Exercise prompt:
What you write must match, character for character, the lines from the one with "Snapshot of Varsha-ji767" down to the one with "14 Sunrise Place NE" in the listing below, minus its pictures.

Records to use:
--
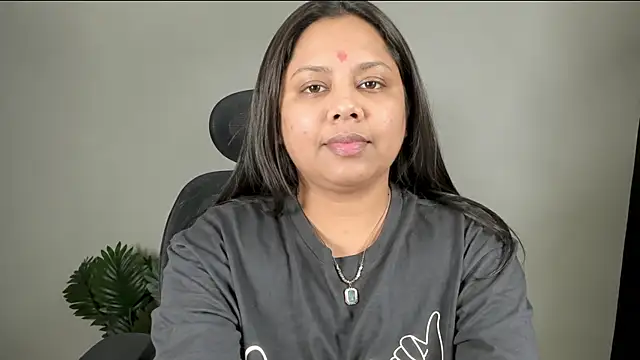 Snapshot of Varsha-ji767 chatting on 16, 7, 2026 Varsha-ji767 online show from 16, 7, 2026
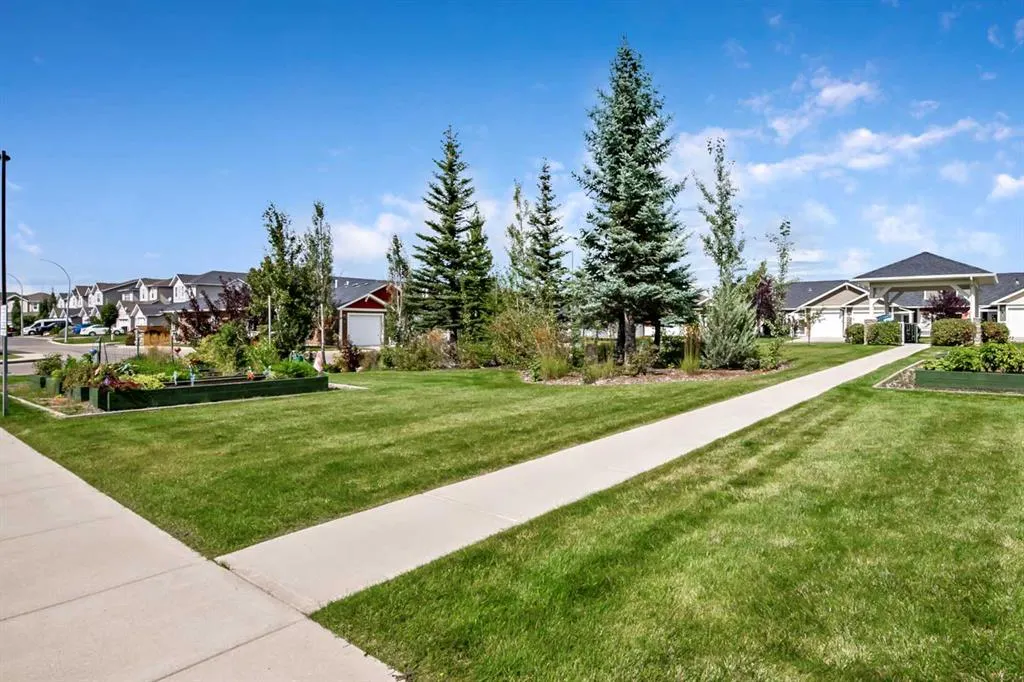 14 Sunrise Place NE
--
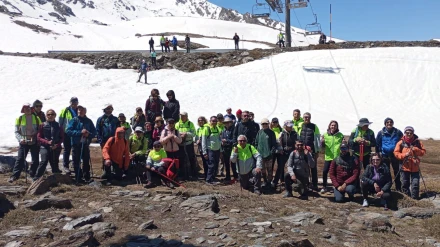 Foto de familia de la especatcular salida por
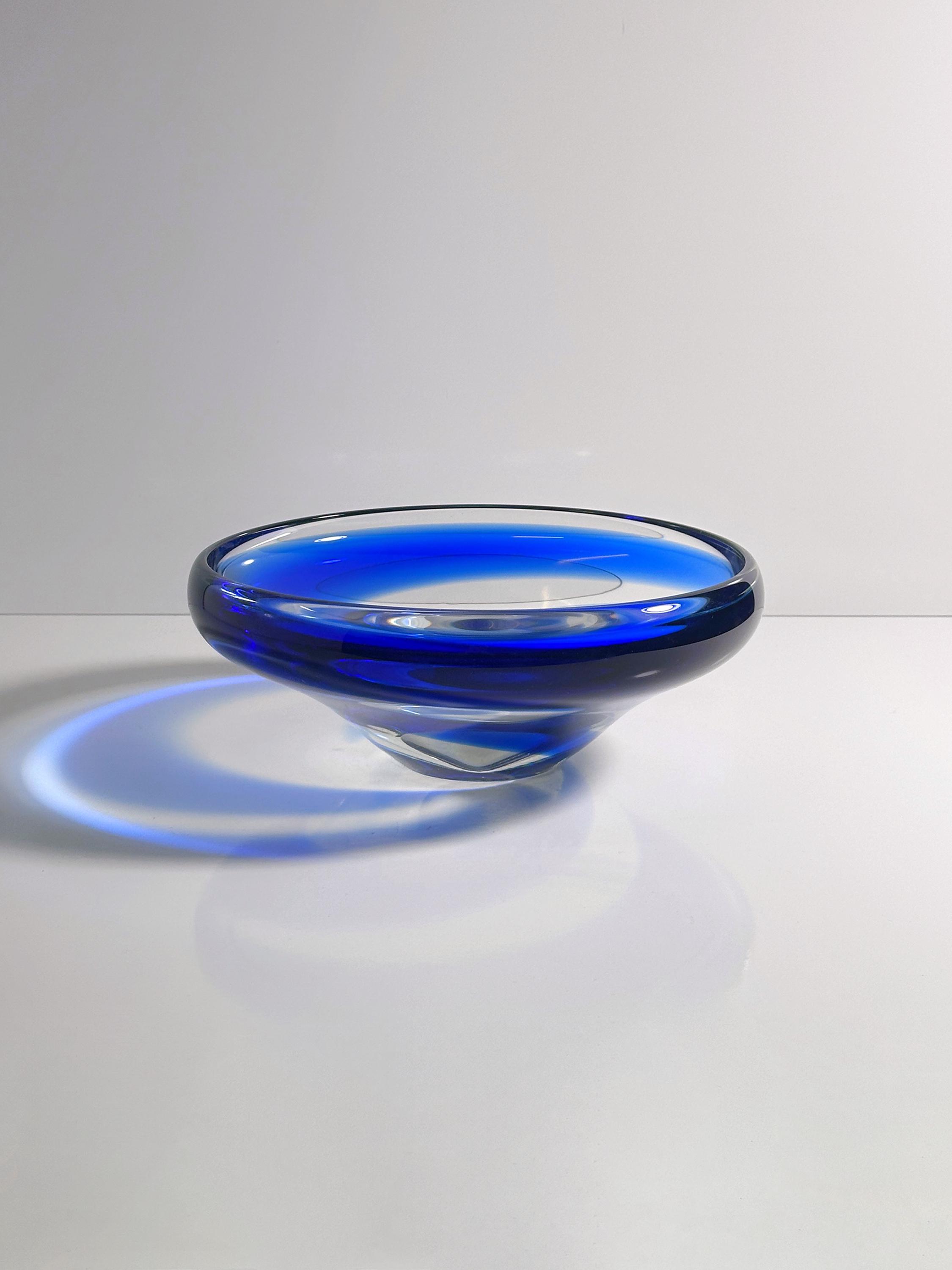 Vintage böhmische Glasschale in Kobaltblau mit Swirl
--
Exercise answer:
 Snapshot of Varsha-ji767 chatting on 16, 7, 2026 Varsha-ji767 online show from 16, 7, 2026
 14 Sunrise Place NE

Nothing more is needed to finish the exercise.